News Story
New Graduate Fellows Work to Improve Structural Resilience and More
The Department of Civil and Environmental Engineering has announced the recipients of six merit-based graduate fellowships made possible through donor investments. The awards will enable the master’s and doctoral students to advance their research into ways to improve structural resilience, road quality, and landfill covers.
Ashkan Keivan, the newest Harkins Group Fellow, will leverage the financial support to further his work on a leading-edge approach to further protect buildings with seismic control technologies at the base of the structure or integrated between floors. His method combines two simple and commonly used strategies to replicate the behavior of rate-independent linear damping—a sort of shock absorber system that can’t itself be ideally applied in the real world. He travelled to Japan in 2015 to test the approach with shake table testing, further verifying the results from simulations conducted in College Park. A native of Iran, Ashkan came to the University of Maryland (UMD) from Chicago, where he earned a master’s at the Illinois Institute of Technology.

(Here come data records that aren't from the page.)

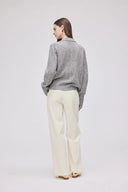 Felicia Cardigan in Wool-Mohair Knit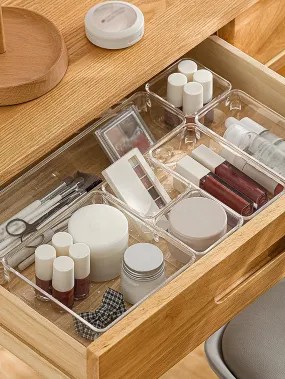 1pc PMMA Makeup Storage Box, Minimalist Clear Makeup Storage Box For Home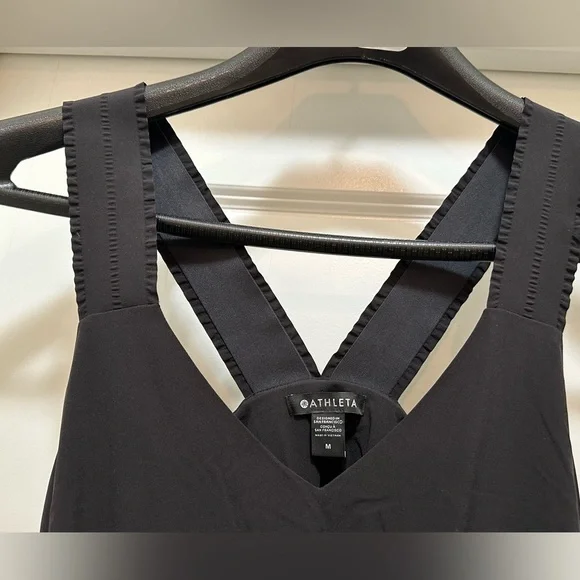 Athleta Women’s Black Savannah Strap Mini Dress NWOT - Medium - Picture 6 of 11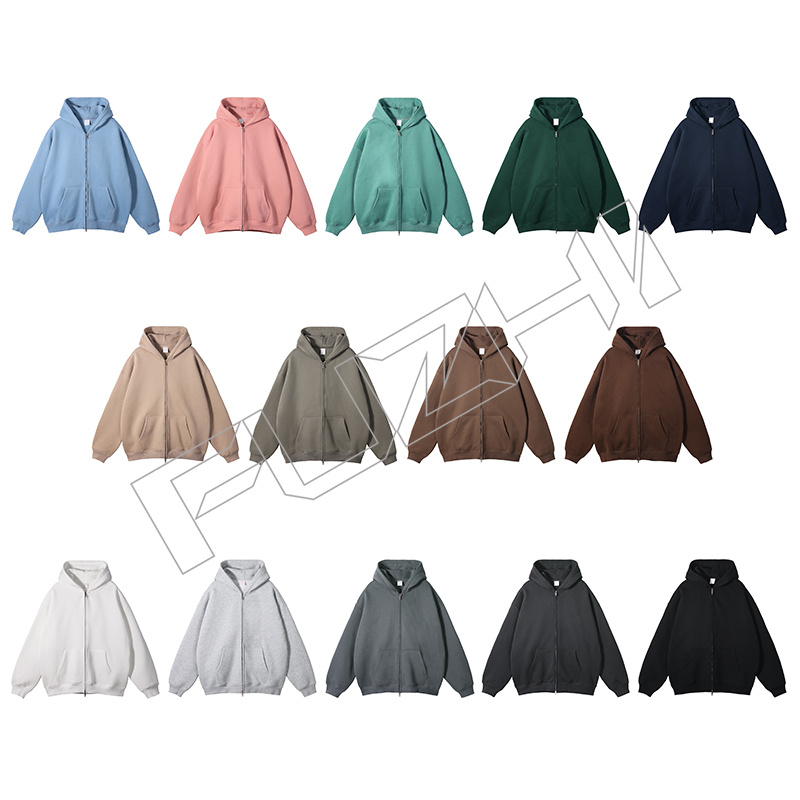 FGHP-1002 New fashion unisex sports zip hoodie & pants color zip hoodie set fleece zip hoodie & p...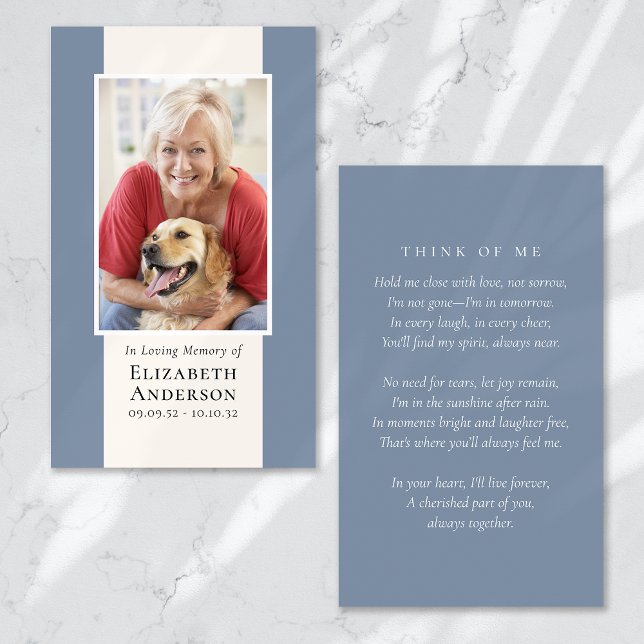 Cartão de Oração Memorial de Fotografia Moderna (Criador carregado)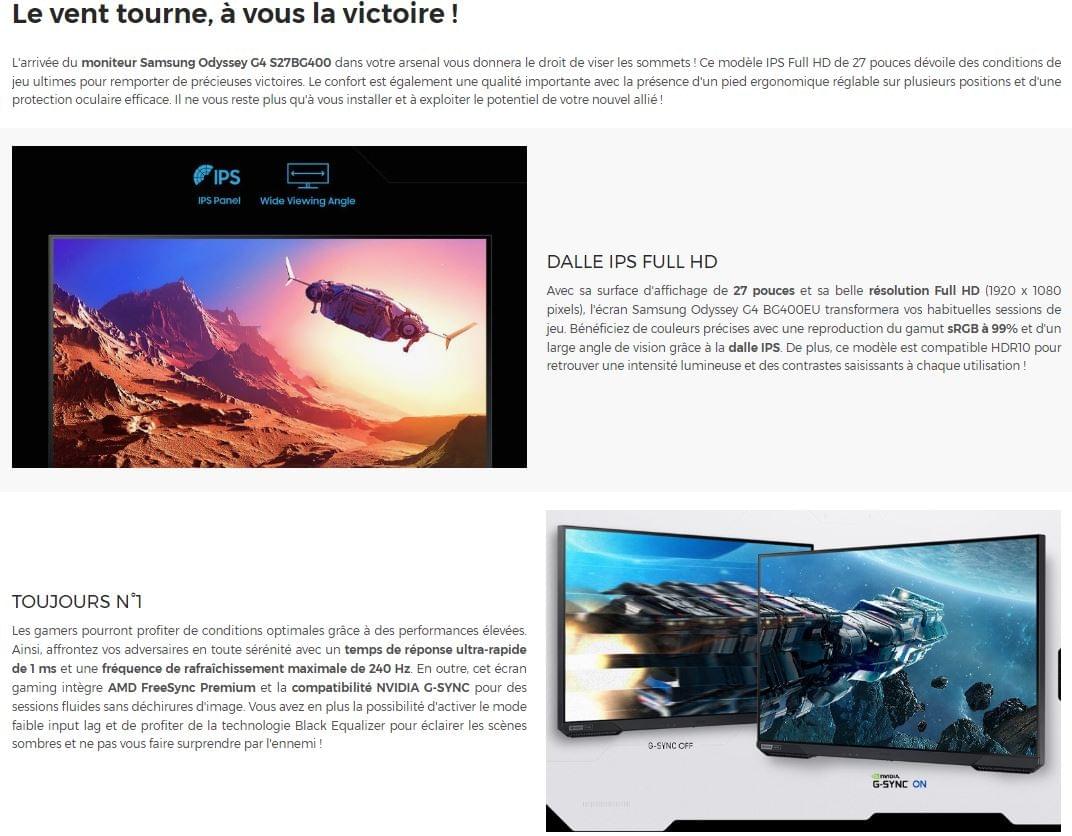 ECRAN PC SAMSUNG 27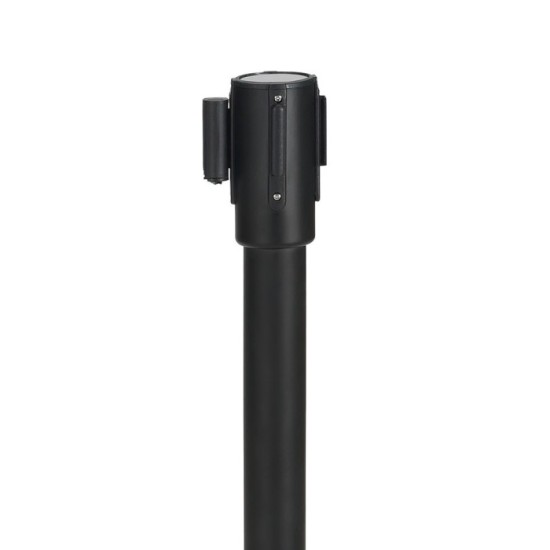 Poste Separador Cinta Extensible 3 Metros, Ø Base 32 cm, Ø Tubo 5,1 cm,   Altura 91 cm, al por Mayor | Almacén de Ferretería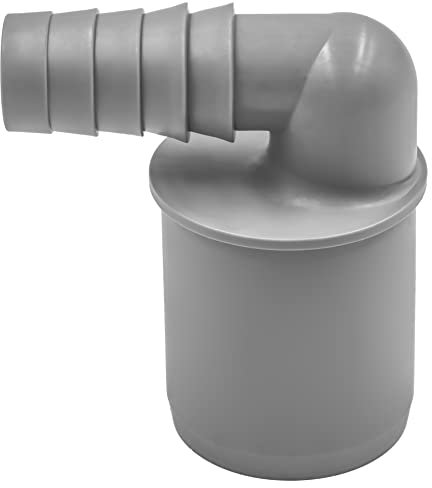 Curva 90° Ø 18–21,7 MM per Tubo Di Scarico – Raccordo Compatto in Polipropilene – per Lavatrice E Lavastoviglie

Like his brother, Arshia Keivan started his doctoral career at UMD in 2014 with a focus in earthquake engineering. Arshia’s work, though, is on the structure itself. With support from the Stanley R. Zupnik Fellowship Fund, he will spend the next year fleshing out the design for two new kinds of structures with flexible frames. The structures are stronger and stiffer than conventional buildings, and any damage from an earthquake is confined to replaceable technology designed to dissipate extra energy, reducing structural repair and loss-of-use costs after an earthquake. Arshia’s interest in structural engineering began at a young age after more than 25,000 people in southeastern Iran were killed in the Bam earthquake
Recipient of the Rattan L. Khosa '71 Graduate Scholarship in Structural Engineering, Jingzhe Wu was first drawn to structural seismic control and damage by the multidisciplinary nature of the field. Her work now focuses largely on design testing. Seismic fragility—or the likelihood that a structural component or system will fail to perform as planned in an earthquake—is typically tested through simulations to allow for repeated analysis. These simulations, though, can’t capture the behavior of some critical parts of a structural system. Wu’s research would knit this traditional technique with tests on a physical model to more accurately capture system performance. Wu completed her undergraduate degree at Hefei University of Technology in China before joining CEE.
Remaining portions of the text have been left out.